Problem: An exact transcription of all the data is required, with every image removed.

Source material:
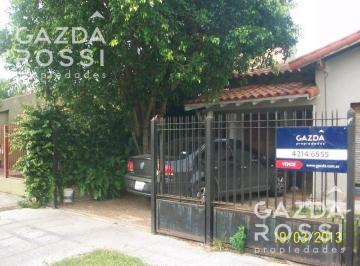 Casa · 320m² · 5 Ambientes · 1 Cochera · Casa en Burzaco
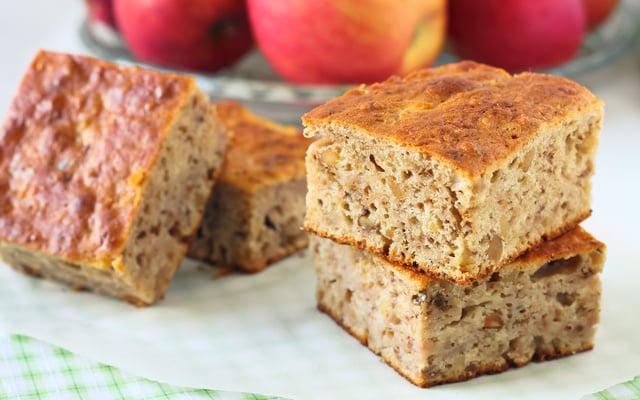 Bolo de maçã com aveia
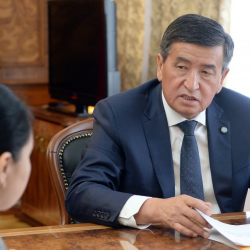 Сооронбай Жээнбеков Мамлекеттик ипотекалык компаниянын жетекчиси менен жарандарды жеткиликтүү турак жай менен камсыздоо боюнча программаны ишке ашыруунун келечегин талкуулады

Your solution:
 Casa · 320m² · 5 Ambientes · 1 Cochera · Casa en Burzaco
 Bolo de maçã com aveia
 Сооронбай Жээнбеков Мамлекеттик ипотекалык компаниянын жетекчиси менен жарандарды жеткиликтүү турак жай менен камсыздоо боюнча программаны ишке ашыруунун келечегин талкуулады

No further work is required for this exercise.